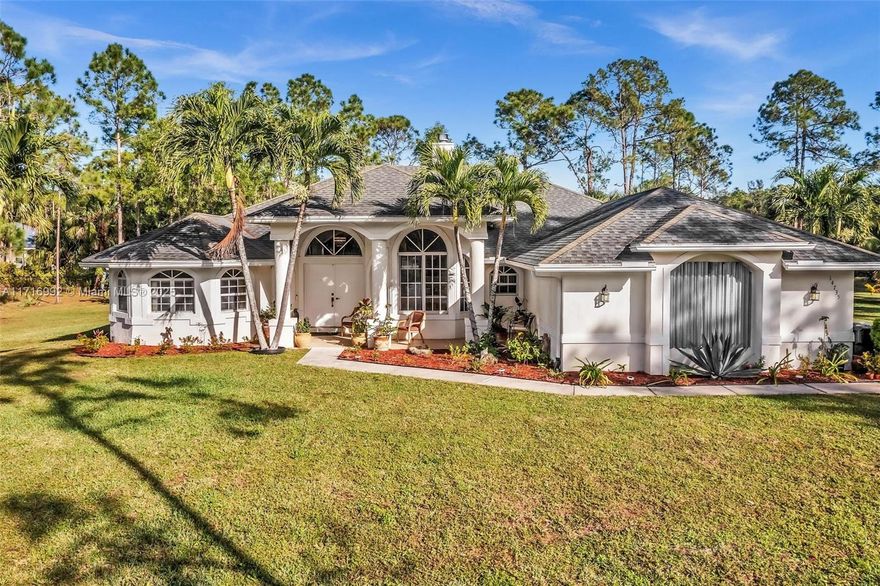 Nestled on over an acre of greenery in The Acreage, this Palm Beach estate offers spacious living and endless possibilities to create your dream oasis. It features 4 bedrooms, 3 bathrooms, an office/exercise room, and a cozy wood-burning fireplace, with volume ceilings enhancing its airy feel. The master suite opens onto a screened lanai, while the kitchen, with an island and breakfast nook, flows into a large family/game room. Solar panels provide energy savings ($194 a month leased), and the property is pre-wired for a pool. The expansive grounds offer room for a pool, outdoor kitchen, or parking for boats/vehicles, plus space for gardening or other projects. Fruit trees add natural charm to this serene property. Roof being replaced!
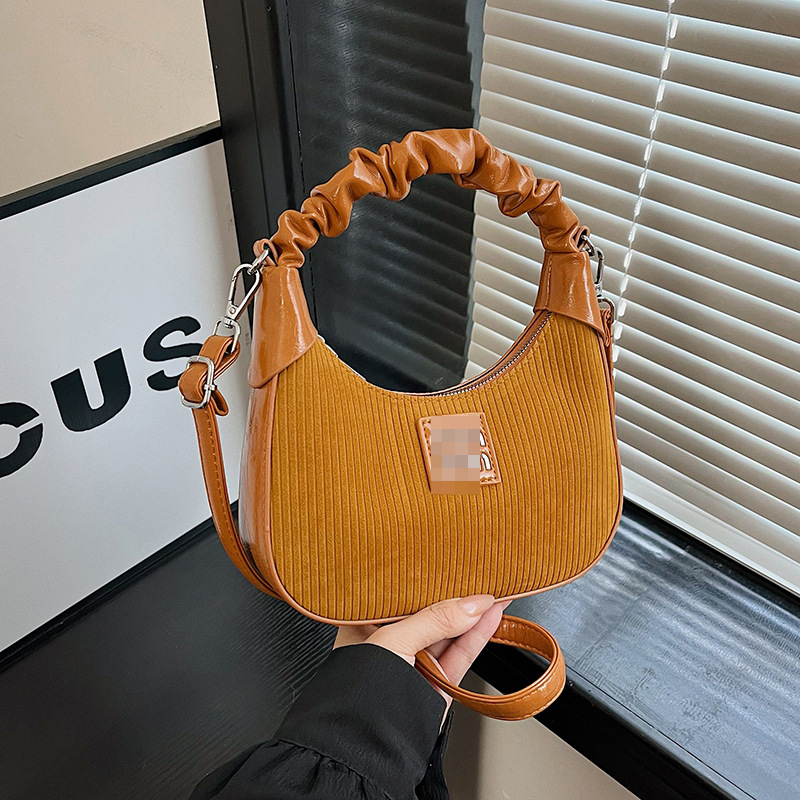 Bolsos de axila populares transfronterizos para mujer 2025 nuevo bolso de bola de masa de moda retro bolso de mensajero de un solo hombro plisado de terciopelo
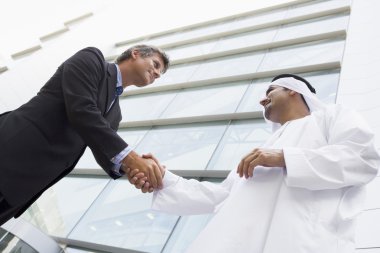 A Middle Eastern businessman and Caucasian man shaking hands out clipart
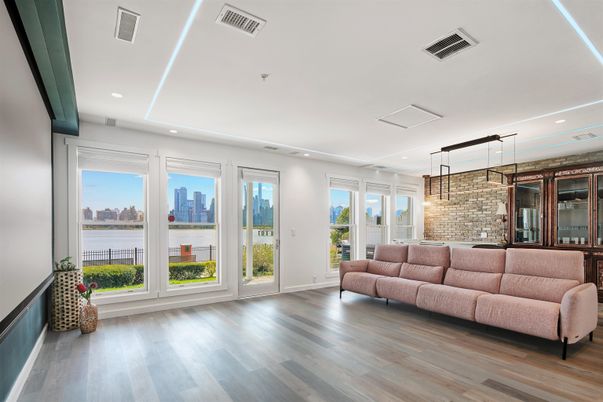 Interior, Living room, Recessed Lighting, Stone Walls, Water, Wood Texture Flooring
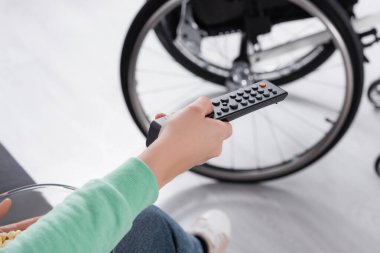 Arka planda tekerlekli sandalyenin yanında uzaktan kumanda ve patlamış mısır tutan bir kadın görüntüsü. 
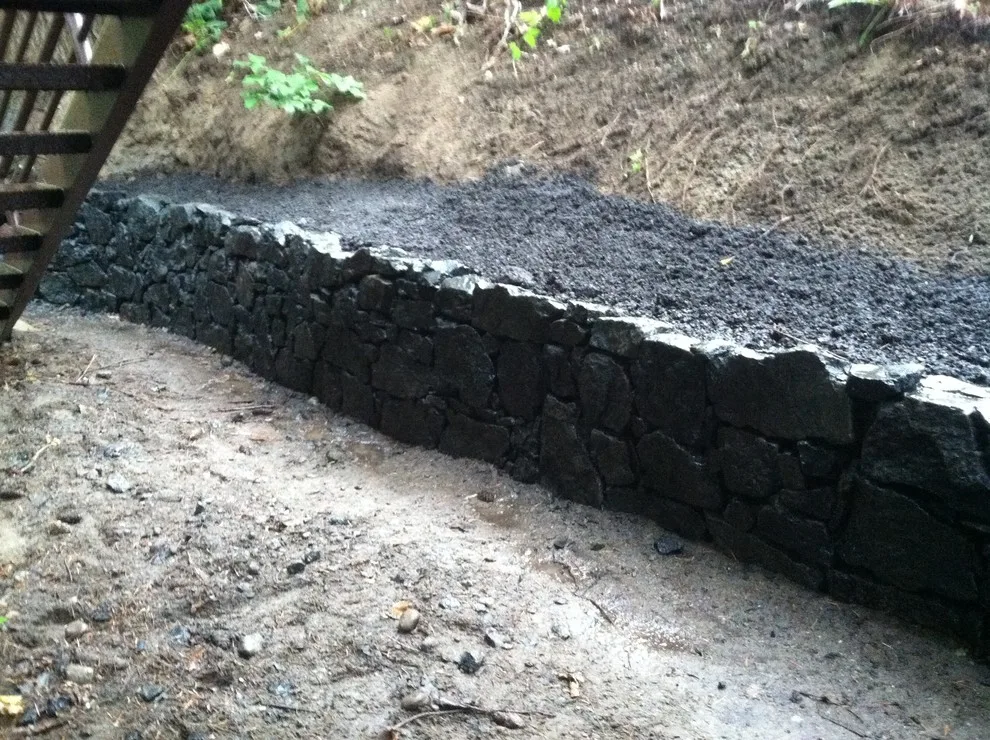 Layered stone barriers by Fire Sparrow Landscaping - Photo 3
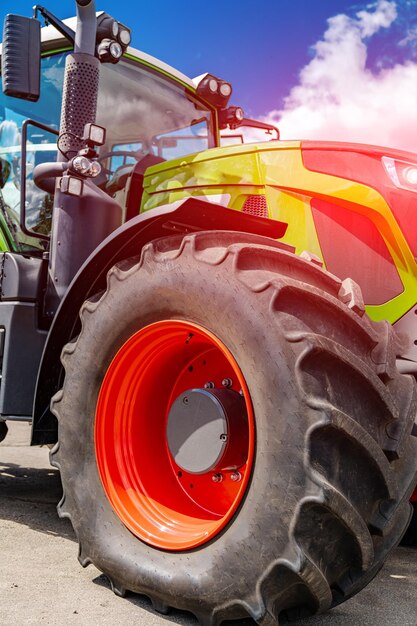 Big wheel of agricultural machine. Farming modern industrial harevesting field.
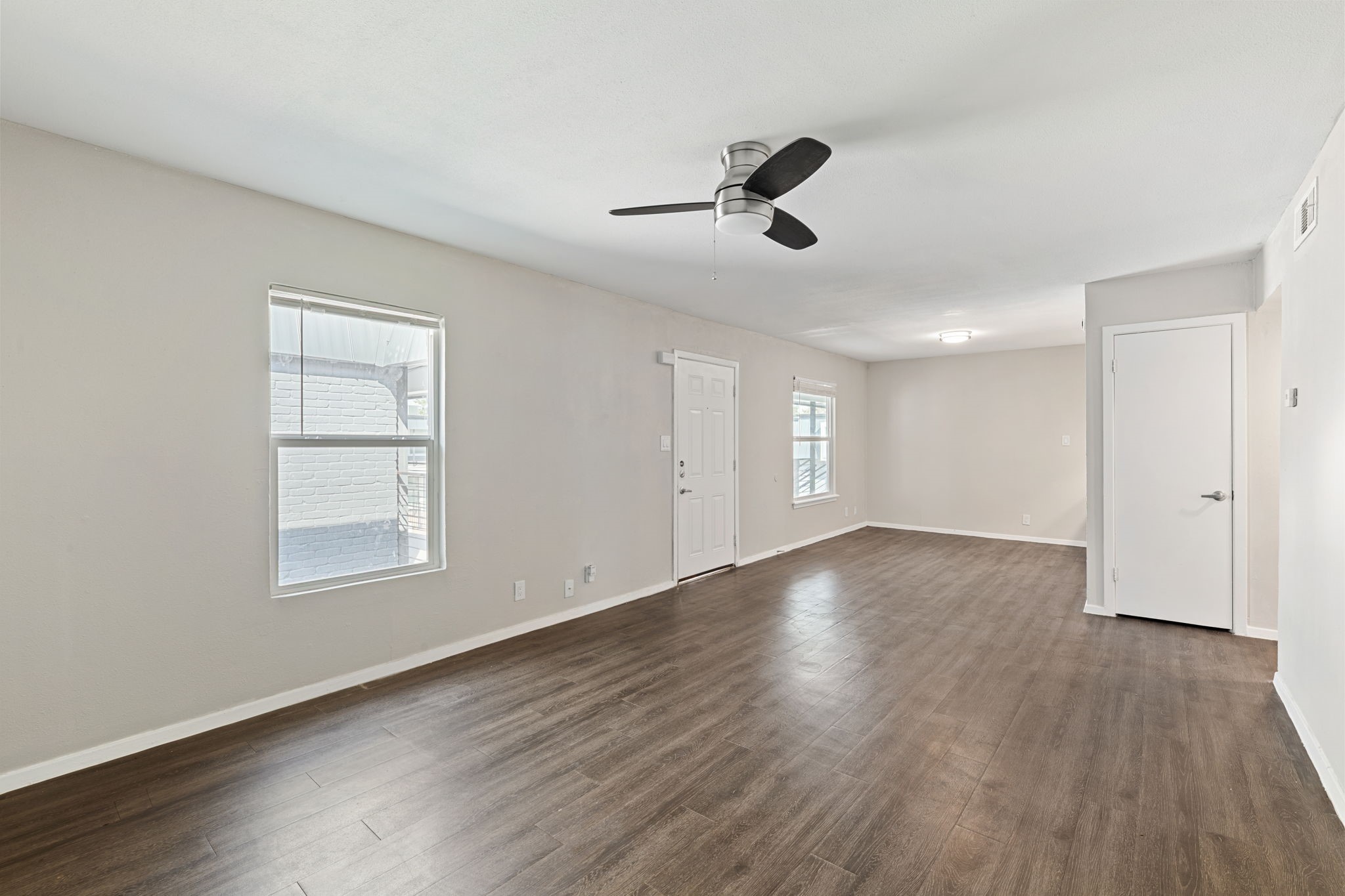 5005 Manor Road, Unit 132 Austin, TX 78723 - Photo 20 of 28 a view of an empty room with a window and wooden floor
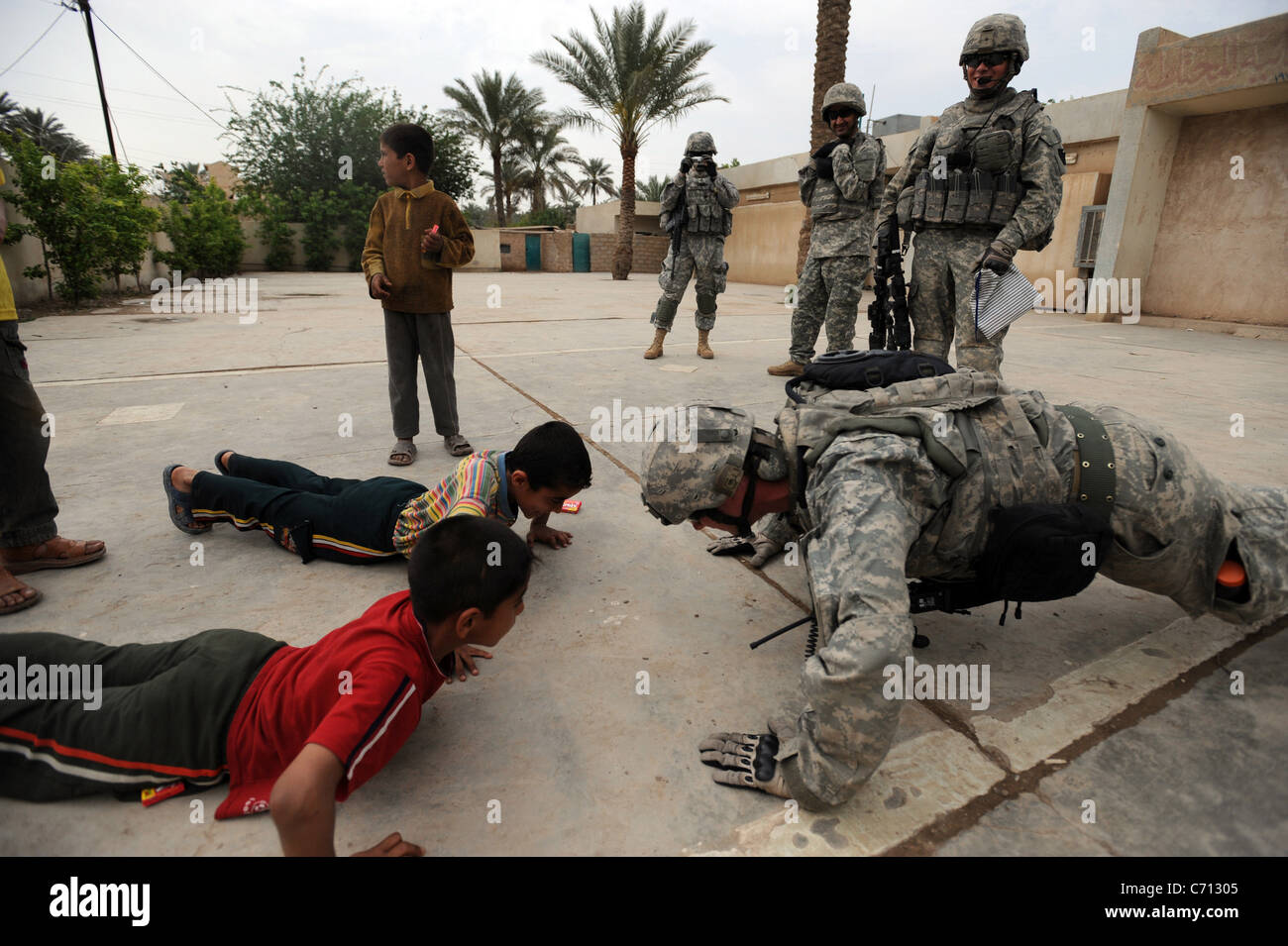 U.S. Army Staff Sgt. Josh Hedetniemi does pushups to amuse Iraqi children outside a school near Sheik Hammad, Iraq, on April 8, 2009. Hedetniemi is from Alpha Company, 1st Battalion, 111th Infantry Regiment, 56th Stryker Brigade Combat Team, 28th Infantry Division. DoD photo by Sgt. Jacob H. Smith, U.S. Army. (Released) Stock Photo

§ **Work request**
Leave every picture out and copy precisely the lines from the one containing "Big wheel of" through the last line of the data above, both ends included.

§ **Task answer**
 Big wheel of agricultural machine. Farming modern industrial harevesting field.
 5005 Manor Road, Unit 132 Austin, TX 78723 - Photo 20 of 28 a view of an empty room with a window and wooden floor
 U.S. Army Staff Sgt. Josh Hedetniemi does pushups to amuse Iraqi children outside a school near Sheik Hammad, Iraq, on April 8, 2009. Hedetniemi is from Alpha Company, 1st Battalion, 111th Infantry Regiment, 56th Stryker Brigade Combat Team, 28th Infantry Division. DoD photo by Sgt. Jacob H. Smith, U.S. Army. (Released) Stock Photo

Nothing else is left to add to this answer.